What Do You Need to Know About Antibiotic Resistance?
Antibiotic resistance is a serious public health problem worldwide. Antibiotics are widely used drugs for the treatment of many infections in both adults and children. But what would happen if they were no longer effective?
Here, we’ll look at what antibiotic resistance is, what this problem has to do with us, and how we can act against it.
What are antibiotics and what do we use them for?
Antibiotics are drugs that we use for the treatment of bacterial infections. Therefore, they’re not useful in cases of viral or allergic conditions, nor in colds. To put it simply, we can say that antibiotics act through two main mechanisms of action:
- Destruction of bacteria: Bactericidal antibiotics.
- Interruption or impediment of their growth and reproduction: Bacteriostatic antibiotics.
What is antibiotic resistance?
Antibiotic resistance is the ability of bacteria to mutate to avoid the action of antibiotics against them.
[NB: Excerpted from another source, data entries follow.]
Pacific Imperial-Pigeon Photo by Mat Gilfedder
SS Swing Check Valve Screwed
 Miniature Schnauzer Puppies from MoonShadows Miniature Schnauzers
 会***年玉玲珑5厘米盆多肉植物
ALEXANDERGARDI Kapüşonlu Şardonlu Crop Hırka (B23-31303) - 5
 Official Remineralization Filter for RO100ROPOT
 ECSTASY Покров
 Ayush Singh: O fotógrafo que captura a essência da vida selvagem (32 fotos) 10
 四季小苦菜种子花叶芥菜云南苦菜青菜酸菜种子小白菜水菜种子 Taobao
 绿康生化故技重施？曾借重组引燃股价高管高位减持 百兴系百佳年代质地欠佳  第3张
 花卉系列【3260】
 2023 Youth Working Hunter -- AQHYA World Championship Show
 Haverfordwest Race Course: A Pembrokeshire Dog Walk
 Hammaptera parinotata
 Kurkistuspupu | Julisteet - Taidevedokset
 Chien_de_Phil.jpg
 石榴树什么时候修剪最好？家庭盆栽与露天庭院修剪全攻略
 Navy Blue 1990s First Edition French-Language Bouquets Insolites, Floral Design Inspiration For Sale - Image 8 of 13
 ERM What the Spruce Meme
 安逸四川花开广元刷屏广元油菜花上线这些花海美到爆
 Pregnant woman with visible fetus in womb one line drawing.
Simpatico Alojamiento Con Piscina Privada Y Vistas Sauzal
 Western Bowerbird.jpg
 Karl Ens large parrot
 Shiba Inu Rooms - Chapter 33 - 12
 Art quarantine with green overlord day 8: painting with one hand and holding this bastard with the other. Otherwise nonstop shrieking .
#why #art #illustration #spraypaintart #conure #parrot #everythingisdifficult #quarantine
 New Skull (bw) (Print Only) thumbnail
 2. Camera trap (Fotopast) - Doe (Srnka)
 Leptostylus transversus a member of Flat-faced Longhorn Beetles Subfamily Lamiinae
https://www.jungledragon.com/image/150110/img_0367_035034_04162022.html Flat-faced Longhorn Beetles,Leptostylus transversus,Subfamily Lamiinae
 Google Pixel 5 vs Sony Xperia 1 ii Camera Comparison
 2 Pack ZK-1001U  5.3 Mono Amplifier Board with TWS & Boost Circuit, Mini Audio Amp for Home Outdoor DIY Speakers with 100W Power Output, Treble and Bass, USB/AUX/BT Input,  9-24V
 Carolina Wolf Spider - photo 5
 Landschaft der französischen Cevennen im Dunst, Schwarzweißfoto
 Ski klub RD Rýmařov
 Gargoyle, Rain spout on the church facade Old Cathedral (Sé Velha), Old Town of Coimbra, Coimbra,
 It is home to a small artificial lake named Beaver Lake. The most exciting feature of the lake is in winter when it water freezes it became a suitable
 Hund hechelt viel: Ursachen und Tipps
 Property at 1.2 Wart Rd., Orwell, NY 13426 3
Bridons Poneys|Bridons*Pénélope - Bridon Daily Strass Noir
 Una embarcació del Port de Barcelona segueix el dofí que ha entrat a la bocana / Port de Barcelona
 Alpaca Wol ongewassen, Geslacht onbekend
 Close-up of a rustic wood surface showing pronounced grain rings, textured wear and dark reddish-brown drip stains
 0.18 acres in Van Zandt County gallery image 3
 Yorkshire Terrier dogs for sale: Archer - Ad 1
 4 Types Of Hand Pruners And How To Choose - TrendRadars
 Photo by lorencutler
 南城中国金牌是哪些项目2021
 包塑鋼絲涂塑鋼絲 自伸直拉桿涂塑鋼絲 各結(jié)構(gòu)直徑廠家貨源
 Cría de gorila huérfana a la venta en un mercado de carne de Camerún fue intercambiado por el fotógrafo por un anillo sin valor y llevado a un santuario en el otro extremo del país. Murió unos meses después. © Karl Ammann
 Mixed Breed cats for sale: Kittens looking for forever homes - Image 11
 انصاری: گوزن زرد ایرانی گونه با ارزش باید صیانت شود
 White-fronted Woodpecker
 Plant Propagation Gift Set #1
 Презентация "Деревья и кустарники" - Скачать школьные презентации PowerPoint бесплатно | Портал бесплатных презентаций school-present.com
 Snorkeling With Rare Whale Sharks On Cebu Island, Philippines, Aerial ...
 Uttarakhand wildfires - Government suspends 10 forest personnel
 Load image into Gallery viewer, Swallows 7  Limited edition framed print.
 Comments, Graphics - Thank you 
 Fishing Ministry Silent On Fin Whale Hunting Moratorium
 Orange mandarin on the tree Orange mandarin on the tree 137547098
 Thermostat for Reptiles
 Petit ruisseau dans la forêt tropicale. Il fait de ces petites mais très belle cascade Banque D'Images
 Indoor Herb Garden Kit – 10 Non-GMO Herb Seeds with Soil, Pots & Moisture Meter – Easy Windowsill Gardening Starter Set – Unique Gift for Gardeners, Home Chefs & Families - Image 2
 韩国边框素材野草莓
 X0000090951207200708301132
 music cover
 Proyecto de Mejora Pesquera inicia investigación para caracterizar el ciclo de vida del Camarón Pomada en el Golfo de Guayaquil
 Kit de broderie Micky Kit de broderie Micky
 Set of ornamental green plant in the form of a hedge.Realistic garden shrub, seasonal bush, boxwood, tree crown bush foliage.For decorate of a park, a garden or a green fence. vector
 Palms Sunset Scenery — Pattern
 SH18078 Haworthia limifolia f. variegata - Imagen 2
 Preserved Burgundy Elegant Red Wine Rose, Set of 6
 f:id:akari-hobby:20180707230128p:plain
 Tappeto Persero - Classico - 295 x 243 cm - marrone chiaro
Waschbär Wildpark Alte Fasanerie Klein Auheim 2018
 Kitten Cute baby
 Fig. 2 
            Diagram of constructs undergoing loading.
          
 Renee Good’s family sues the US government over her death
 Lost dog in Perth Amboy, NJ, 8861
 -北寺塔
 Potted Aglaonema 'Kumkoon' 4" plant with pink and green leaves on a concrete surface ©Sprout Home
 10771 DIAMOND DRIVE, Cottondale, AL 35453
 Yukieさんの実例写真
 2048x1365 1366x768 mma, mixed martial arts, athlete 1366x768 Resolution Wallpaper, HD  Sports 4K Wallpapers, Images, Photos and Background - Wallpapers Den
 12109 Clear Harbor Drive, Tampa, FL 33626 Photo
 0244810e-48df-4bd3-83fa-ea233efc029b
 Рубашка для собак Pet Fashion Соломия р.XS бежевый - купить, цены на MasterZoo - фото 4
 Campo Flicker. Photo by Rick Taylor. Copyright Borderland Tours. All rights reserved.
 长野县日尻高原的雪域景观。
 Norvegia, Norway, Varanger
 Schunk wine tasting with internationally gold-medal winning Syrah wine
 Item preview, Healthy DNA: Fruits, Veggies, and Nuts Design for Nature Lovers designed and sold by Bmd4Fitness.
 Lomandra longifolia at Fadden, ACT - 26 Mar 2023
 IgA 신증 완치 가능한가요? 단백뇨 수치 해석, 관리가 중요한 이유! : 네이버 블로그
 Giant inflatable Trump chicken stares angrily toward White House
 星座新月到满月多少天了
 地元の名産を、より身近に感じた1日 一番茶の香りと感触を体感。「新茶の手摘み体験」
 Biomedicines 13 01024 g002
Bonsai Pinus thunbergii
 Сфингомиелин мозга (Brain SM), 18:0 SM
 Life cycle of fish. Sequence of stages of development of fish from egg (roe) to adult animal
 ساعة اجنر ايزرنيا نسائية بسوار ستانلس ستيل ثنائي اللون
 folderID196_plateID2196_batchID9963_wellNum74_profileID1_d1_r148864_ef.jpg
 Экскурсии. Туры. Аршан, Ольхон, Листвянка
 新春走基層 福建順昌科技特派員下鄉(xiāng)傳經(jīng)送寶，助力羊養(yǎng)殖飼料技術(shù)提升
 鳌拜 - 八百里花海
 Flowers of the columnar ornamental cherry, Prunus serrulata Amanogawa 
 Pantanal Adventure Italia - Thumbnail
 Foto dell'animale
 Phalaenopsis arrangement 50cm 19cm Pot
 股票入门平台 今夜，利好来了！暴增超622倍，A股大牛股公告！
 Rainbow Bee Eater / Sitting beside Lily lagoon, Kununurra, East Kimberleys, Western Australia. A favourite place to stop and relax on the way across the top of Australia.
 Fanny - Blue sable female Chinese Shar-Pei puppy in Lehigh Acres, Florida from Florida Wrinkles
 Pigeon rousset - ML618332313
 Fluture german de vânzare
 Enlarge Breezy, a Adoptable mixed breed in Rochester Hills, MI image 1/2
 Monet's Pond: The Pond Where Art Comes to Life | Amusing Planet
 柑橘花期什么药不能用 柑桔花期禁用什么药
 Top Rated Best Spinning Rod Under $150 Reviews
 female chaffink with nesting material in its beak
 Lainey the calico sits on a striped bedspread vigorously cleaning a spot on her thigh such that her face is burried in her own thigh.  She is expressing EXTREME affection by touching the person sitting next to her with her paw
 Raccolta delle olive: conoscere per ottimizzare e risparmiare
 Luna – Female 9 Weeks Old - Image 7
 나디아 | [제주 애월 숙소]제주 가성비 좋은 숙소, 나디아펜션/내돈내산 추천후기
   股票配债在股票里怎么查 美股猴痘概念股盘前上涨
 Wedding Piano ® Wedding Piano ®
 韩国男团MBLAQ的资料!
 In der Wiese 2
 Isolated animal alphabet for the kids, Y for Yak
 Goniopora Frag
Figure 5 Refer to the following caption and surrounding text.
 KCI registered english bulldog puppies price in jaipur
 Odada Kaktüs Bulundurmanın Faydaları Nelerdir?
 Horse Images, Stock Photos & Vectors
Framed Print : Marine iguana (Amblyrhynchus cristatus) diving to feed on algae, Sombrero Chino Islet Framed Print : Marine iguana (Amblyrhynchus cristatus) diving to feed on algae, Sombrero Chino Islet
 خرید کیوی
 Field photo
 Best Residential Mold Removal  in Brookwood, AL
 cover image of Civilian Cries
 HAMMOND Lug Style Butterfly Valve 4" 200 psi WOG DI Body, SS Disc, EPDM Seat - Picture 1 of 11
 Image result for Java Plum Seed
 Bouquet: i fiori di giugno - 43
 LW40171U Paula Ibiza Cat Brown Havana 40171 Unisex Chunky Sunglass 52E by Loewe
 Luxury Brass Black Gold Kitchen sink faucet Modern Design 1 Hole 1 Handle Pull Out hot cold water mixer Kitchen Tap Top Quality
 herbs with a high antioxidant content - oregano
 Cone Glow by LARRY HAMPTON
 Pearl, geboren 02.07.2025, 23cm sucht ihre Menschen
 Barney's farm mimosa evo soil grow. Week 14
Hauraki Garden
It’s a natural mechanism in these microorganisms. However, it’s speeding up and getting worse due to the misuse of antimicrobials, among other factors.
When a bacterium is attacked by an antibiotic, it has the natural tendency to seek strategies that allow it to survive. Therefore, they generate mutations and cause the drugs to cease to have an effect on them.
Antibiotic resistance means that many antibiotics are no longer effective. This leads to the complication of many serious infections that are prolonged over time. Doctors sometimes run out of substitute drugs to use and the severity of the conditions leaves many patients on the road to the hospital.
Some of the bacteria that cause the most resistance today are, for example, the following:
- Methicillin-resistant Staphylococcus aureus
- Enterobacteriaceae resistant to penicillins, cephalosporins, and carbapenems
- Streptococcus pneumoniae or pneumococcus resistant to penicillin and macrolides such as erythromycin
- Streptococcus pyogenes resistant to macrolides
- Haemophilus influenzae resistant to penicillins
- Bacteria resistant to fluoroquinolones
Antibiotic resistance is a crucial challenge also in pediatrics. Many bacterial infections occur during childhood and much of the use of antimicrobials also occurs at this stage.
How can we curb this problem?
Antibiotic resistance is an issue influenced by many different factors. As far as we’re concerned, in order to control the increase in resistance, it’s essential for doctors to prescribe these drugs appropriately, i.e. only in necessary cases and never when the origin of the condition is viral, among others.
Once the specialist has prescribed an antibiotic, it’s up to us to use it correctly. In a practical way, we can highlight some tips that we should follow in treatment with these drugs:
- Never self-medicate.
- Don’t buy antibiotics without a prescription.
- Avoid recommending these drugs to other people, even if we believe that they have the same symptoms as us.
- Follow the instructions of the specialist who prescribes the drug with respect to dosage.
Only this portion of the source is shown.